» **Data to process**:
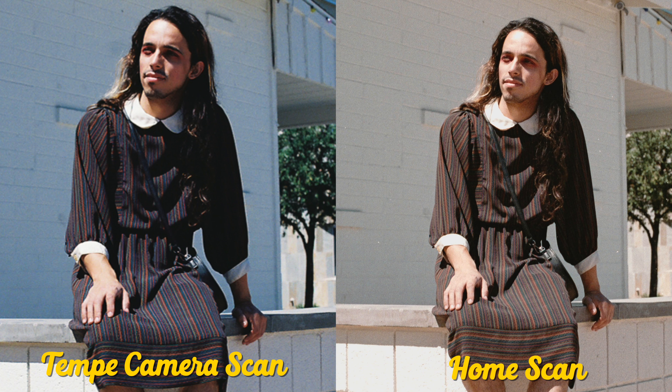Now let's take a look at them side by side. I'll put on screen which one is the Epson scanner I used with Negative Lab Pro and which is the scan done with Epson's scan software from the lab. I'll give it a moment for you all to look, and then I'll quickly throw up all the remaining photos side by side so you can compare them and determine which looks best to you.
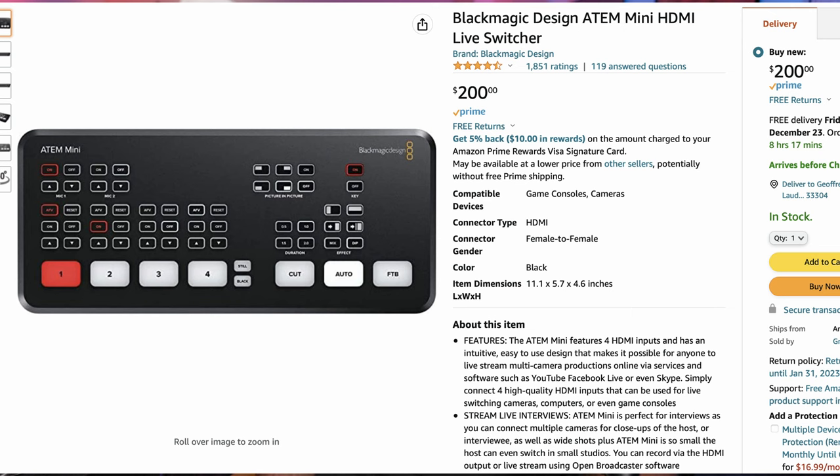Once you download the Elgato Cam Link software and get the drivers on your computer, it's fairly simple to use — just like using your camera as a webcam. Now if you're going to be using multiple cameras, the really popular option is Blackmagic's ATEM Mini. Not only does it work as a capture card and hook up directly to your computer, but it also lets you switch between four or even eight different cameras if you get the more advanced model. The ATEM Mini outputs at 1080p, which I think is one of its limiting factors, but it's really all there is at a relatively affordable price point for a switcher.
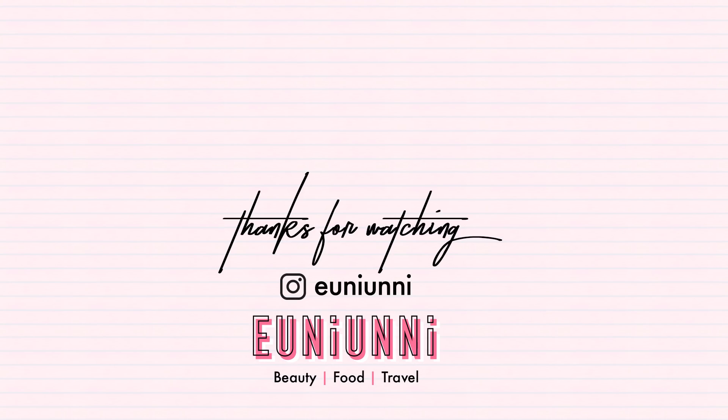We'll see you in the next one. Let's see you next time. Mother's Day. Bye!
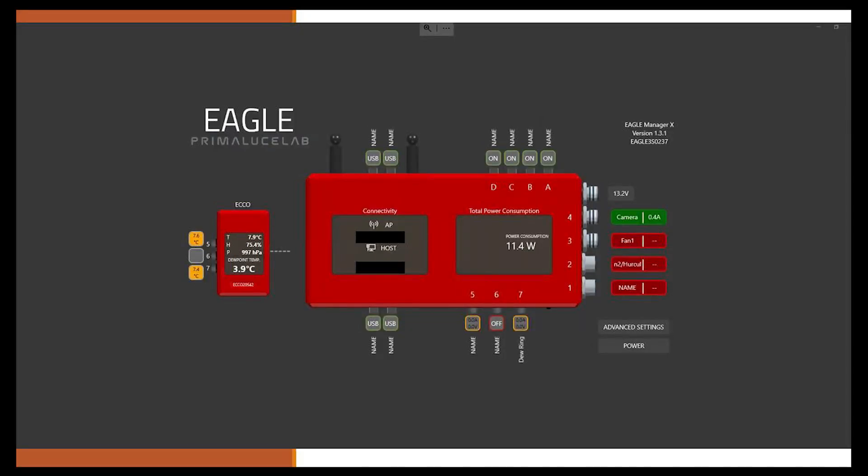Scrolling to the far left, we have the Echo Environmental Controller, giving us a few data points. The temperature outside, as read by the Echo, is 7.9 degrees. Humidity is 75.4 percent, and the pressure is 997. It also tells me the dew point, and that's 3.9 degrees Celsius. Thermistor 5, attached to the OTA between the OTA and the insulation, is 7.6 degrees. Port 7 is 7.4 degrees — this is the Celestron dew heater ring, the part exposed to cool air hitting the corrector plate. Effectively there's about a 3.5 degree difference between the dew point and the corrector plate temperature.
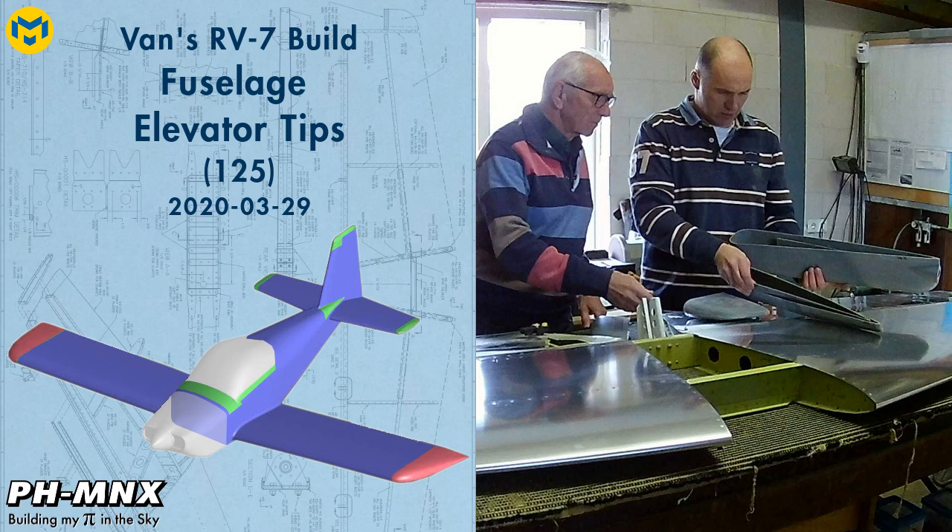Hello everybody. While building the empennage, I skipped both the rudder and elevator tips. It's now time to finish them.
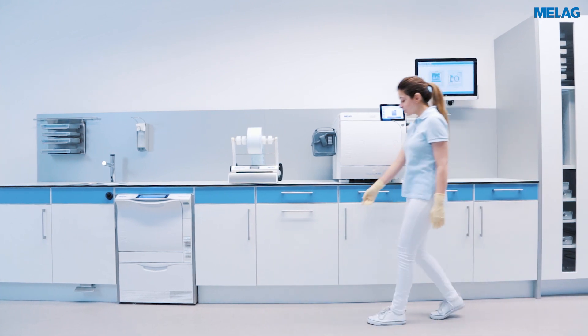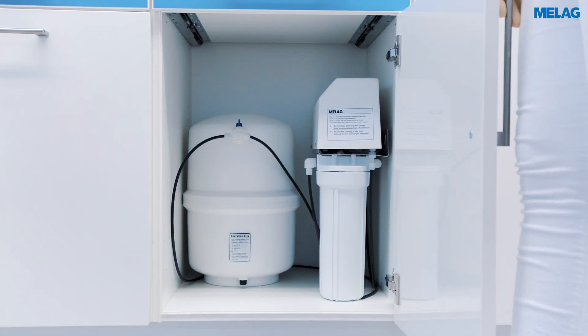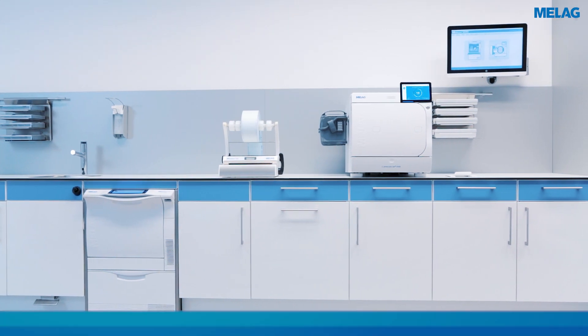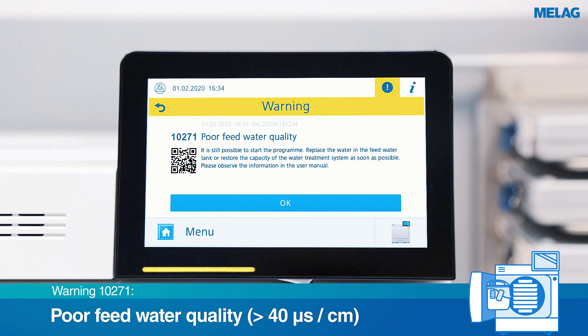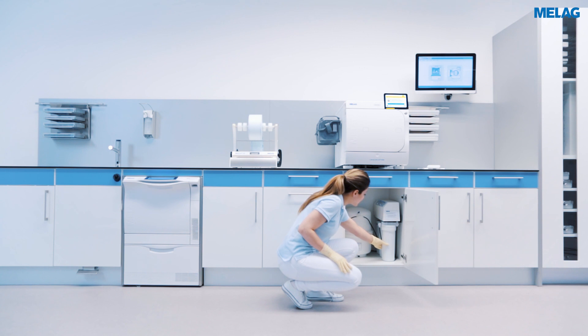The Miladem 47 Water Treatment Unit supplies CareClave with demineralised water for the reprocessing of instruments. CareClave automatically checks the conductivity of the demineralised water during the process and issues a warning message if the quality is poor. As soon as the warning message is displayed, the mixed bed resin cartridge should be replaced.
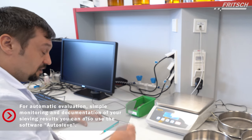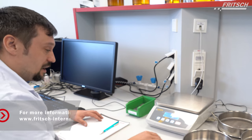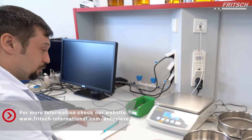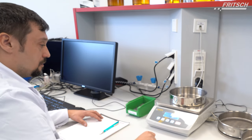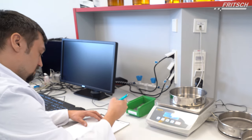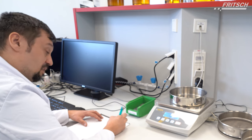For analyzing the sample later after the sieving procedure, it is important to note the empty weights of the pan and the whole sieves. We put the pan on the balance and note the empty weight.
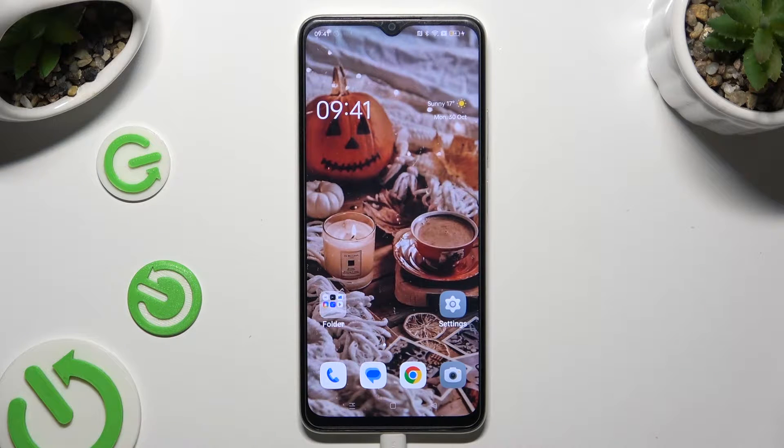Hi! In front of me is the Oppo A18, and today I would like to show you how you can set up Face Unlock.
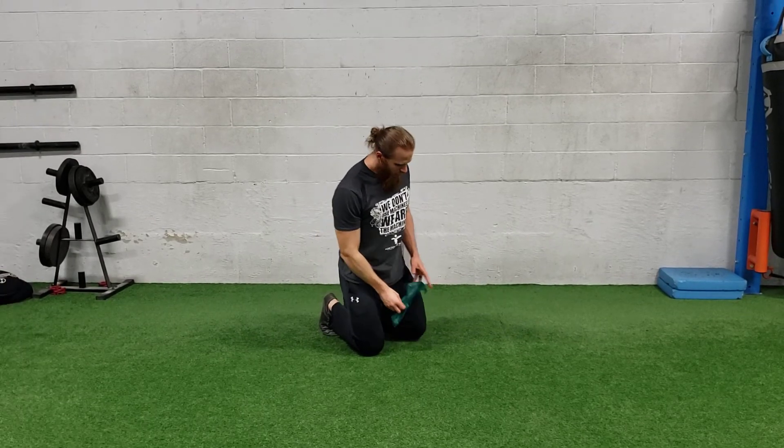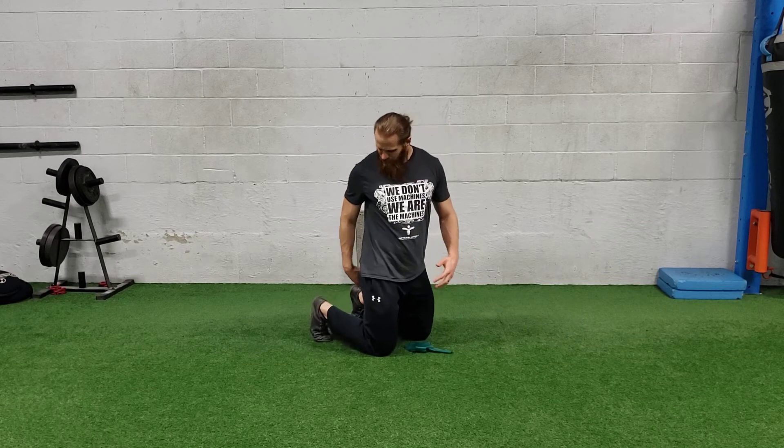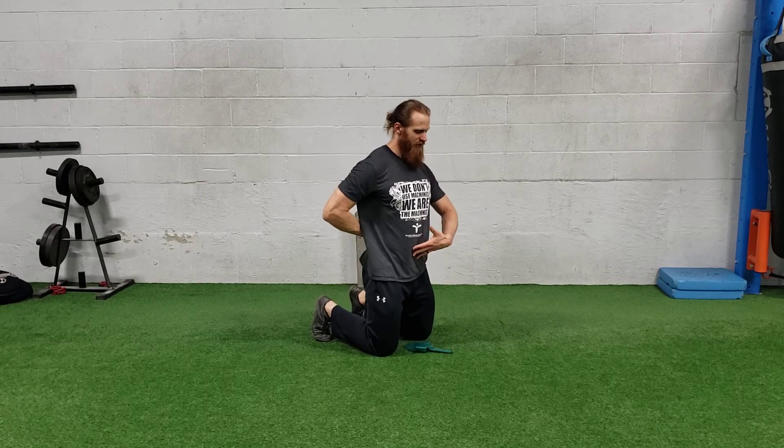For tall kneeling no money, this can be done either with body weight or with a band. You're going to be on both knees, toes dug into the ground for this tall kneeling position. Make sure your pelvis is tucked underneath so you have that nice solid foundation.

» **Exercise objective**: From the entries above, write out every line without a single change, skipping the images.

» **Response to this exercise**:
Now let's take a look at them side by side. I'll put on screen which one is the Epson scanner I used with Negative Lab Pro and which is the scan done with Epson's scan software from the lab. I'll give it a moment for you all to look, and then I'll quickly throw up all the remaining photos side by side so you can compare them and determine which looks best to you.
Once you download the Elgato Cam Link software and get the drivers on your computer, it's fairly simple to use — just like using your camera as a webcam. Now if you're going to be using multiple cameras, the really popular option is Blackmagic's ATEM Mini. Not only does it work as a capture card and hook up directly to your computer, but it also lets you switch between four or even eight different cameras if you get the more advanced model. The ATEM Mini outputs at 1080p, which I think is one of its limiting factors, but it's really all there is at a relatively affordable price point for a switcher.
We'll see you in the next one. Let's see you next time. Mother's Day. Bye!
Scrolling to the far left, we have the Echo Environmental Controller, giving us a few data points. The temperature outside, as read by the Echo, is 7.9 degrees. Humidity is 75.4 percent, and the pressure is 997. It also tells me the dew point, and that's 3.9 degrees Celsius. Thermistor 5, attached to the OTA between the OTA and the insulation, is 7.6 degrees. Port 7 is 7.4 degrees — this is the Celestron dew heater ring, the part exposed to cool air hitting the corrector plate. Effectively there's about a 3.5 degree difference between the dew point and the corrector plate temperature.
Hello everybody. While building the empennage, I skipped both the rudder and elevator tips. It's now time to finish them.
The Miladem 47 Water Treatment Unit supplies CareClave with demineralised water for the reprocessing of instruments. CareClave automatically checks the conductivity of the demineralised water during the process and issues a warning message if the quality is poor. As soon as the warning message is displayed, the mixed bed resin cartridge should be replaced.
For analyzing the sample later after the sieving procedure, it is important to note the empty weights of the pan and the whole sieves. We put the pan on the balance and note the empty weight.
Hi! In front of me is the Oppo A18, and today I would like to show you how you can set up Face Unlock.
For tall kneeling no money, this can be done either with body weight or with a band. You're going to be on both knees, toes dug into the ground for this tall kneeling position. Make sure your pelvis is tucked underneath so you have that nice solid foundation.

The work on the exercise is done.